((

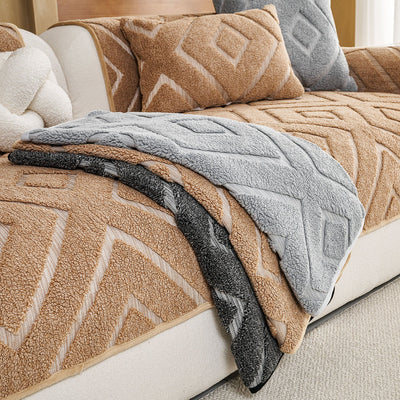 22 of 29:Thick Sherpa Sofa Protector Cover, Warm Plush Couch Cover for Seat, Backrest & Armrest 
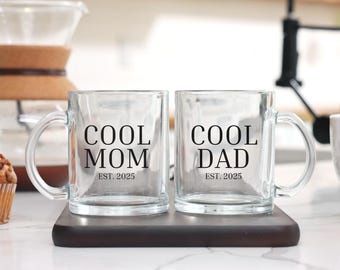 Cool Mom Cool Dad Glass Mug Set, New Parents Gift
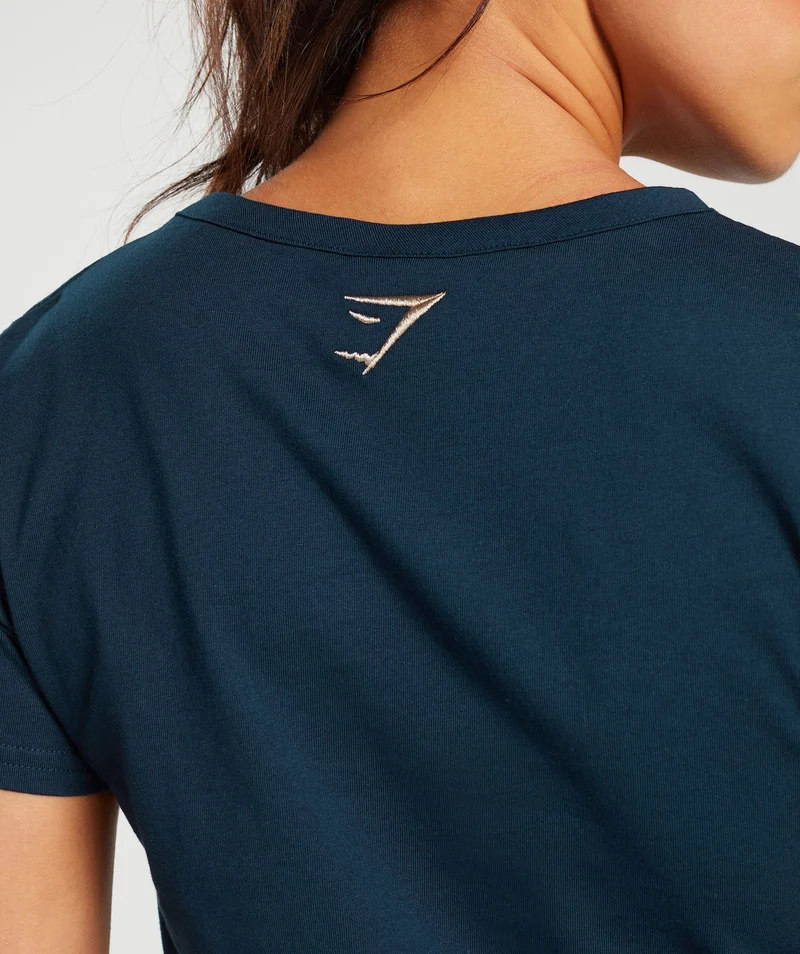 Gymshark Block Crop Top - Navy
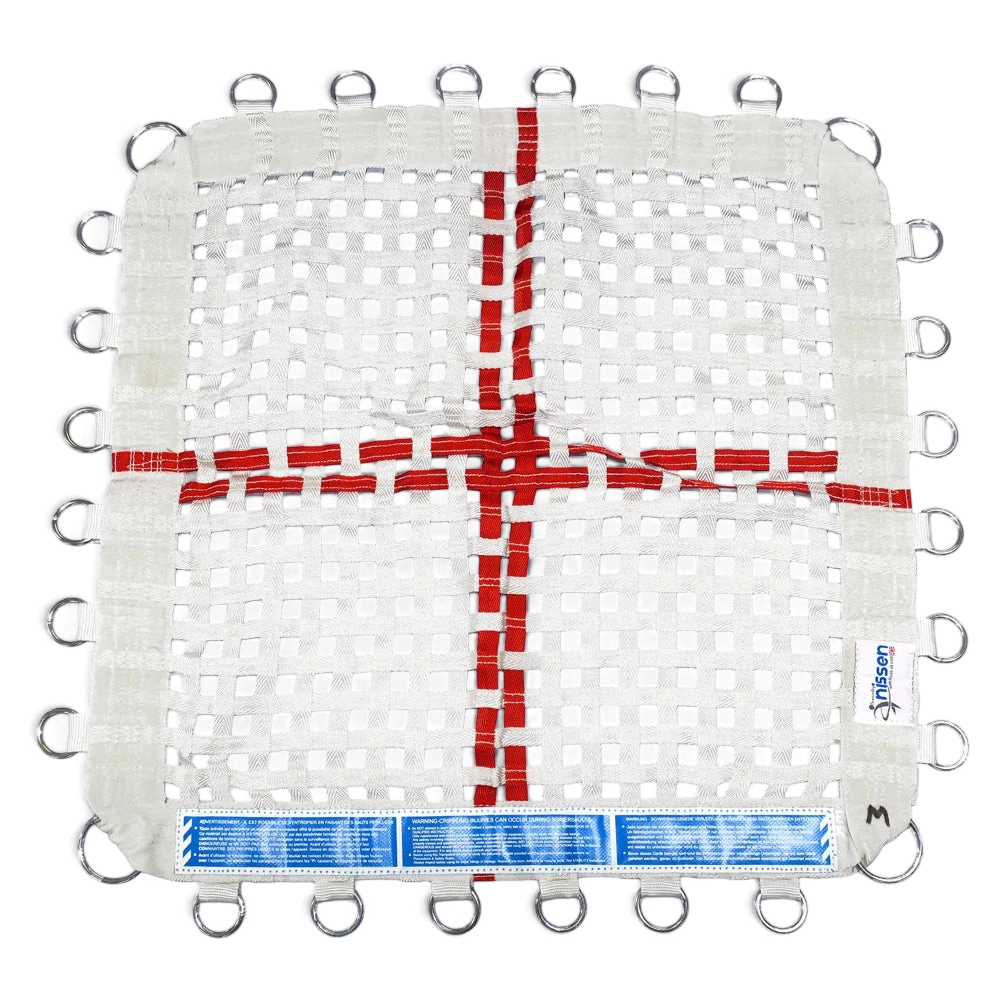 UK Gym Pits replacement web bed for super mini tramp with white webbing and red cross-shaped center marker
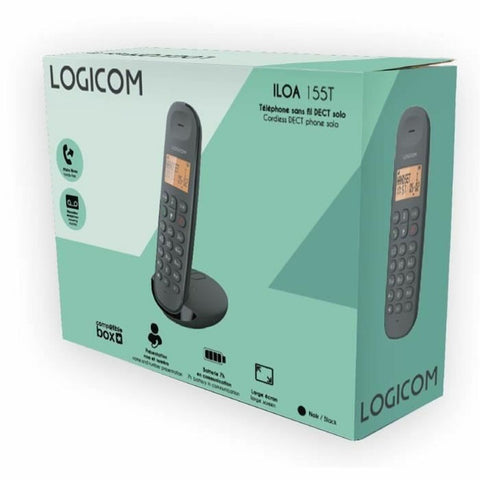 Landline Telephone Logicom DECT ILOA 155T SOLO Black Landline Telephone Logicom DECT ILOA 155T SOLO Black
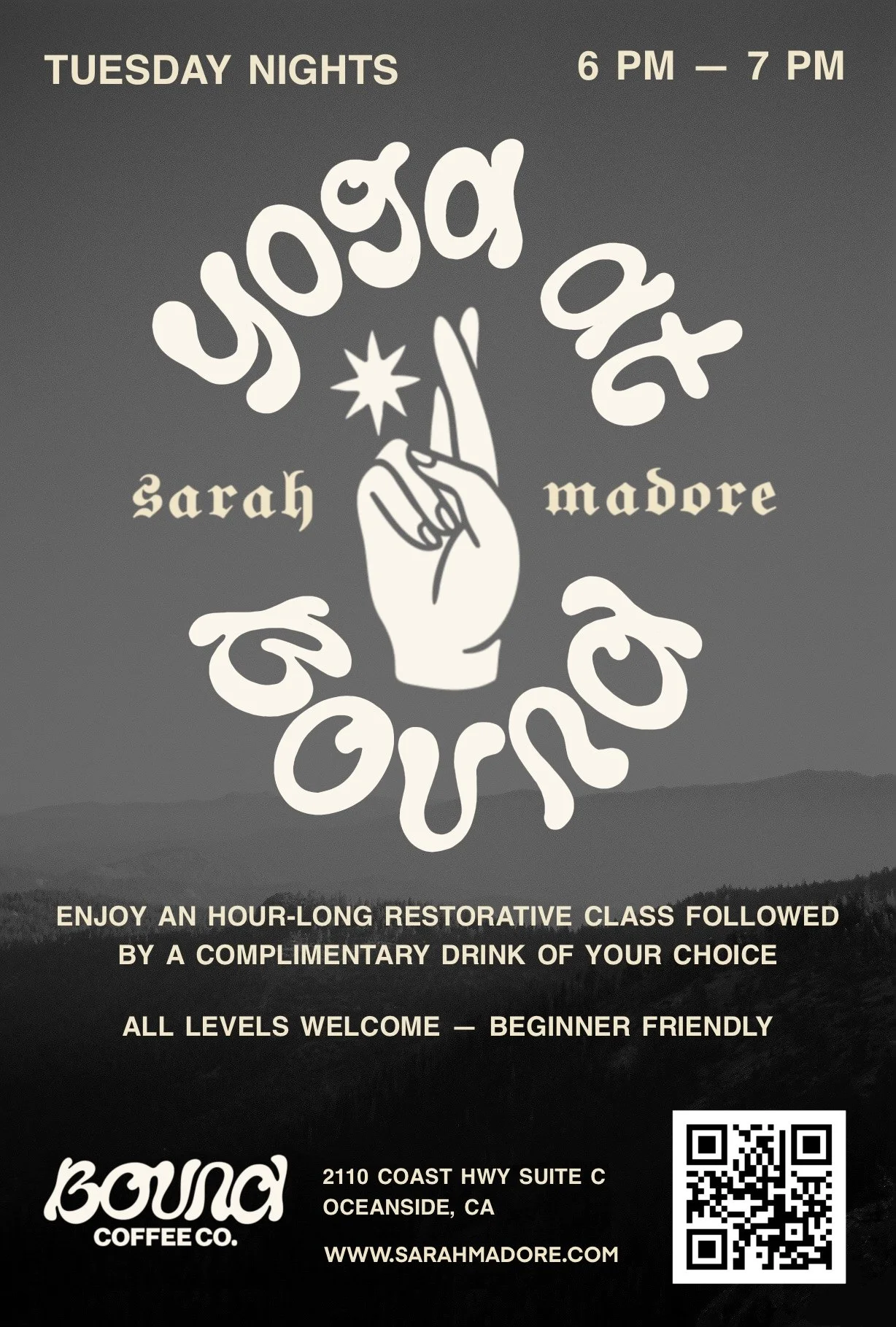Yoga at Bound with Sarah Madore. Tuesday Nights 6pm - 7pm. Enjoy an hour-long restorative class followed by a complimentary drink of your choice. All levels welcome -- beginner friendly. Hosted at 2110 Coast Hwy Suite C, Oceanside, CA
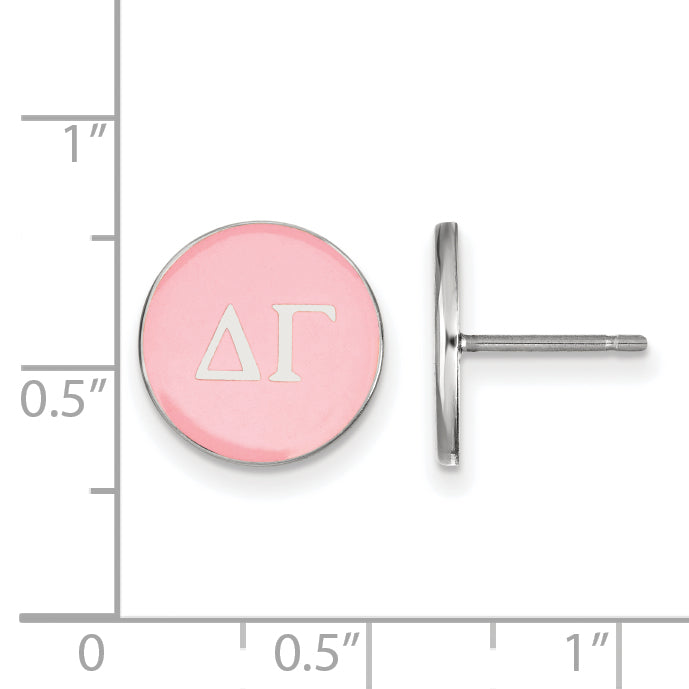 Sterling Silver Rhodium Plated Logoart Delta Gamma Sorority Greek Letters Color Enamel Post Earrings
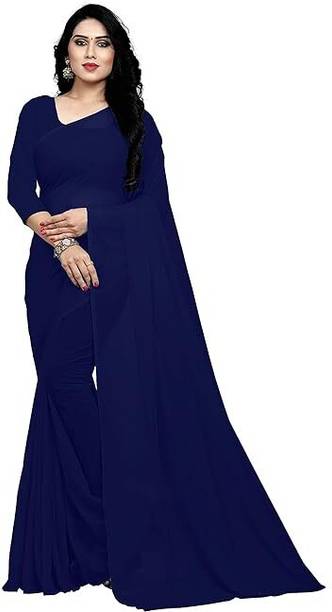 Ready to Wear Solid/Plain Bollywood Chiffon Saree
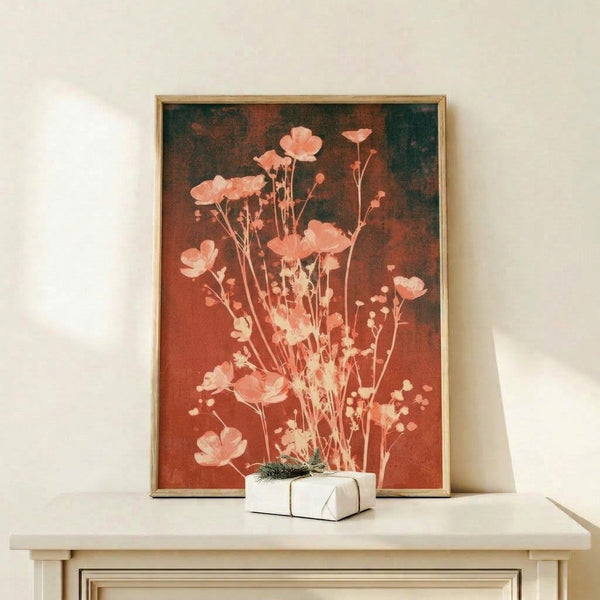Serene botanical poster with soft watercolor wildflowers in coral and burnt sienna hues, displaying romantic vintage-inspired flower illustration on wall.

))

== ASSIGNMENT ==
Nothing but the lines from the one containing "Ready to Wear" through the end of the listing is to be output, and those lines are to be output exactly, pictures excluded.

== SOLUTION ==
 Ready to Wear Solid/Plain Bollywood Chiffon Saree
Serene botanical poster with soft watercolor wildflowers in coral and burnt sienna hues, displaying romantic vintage-inspired flower illustration on wall.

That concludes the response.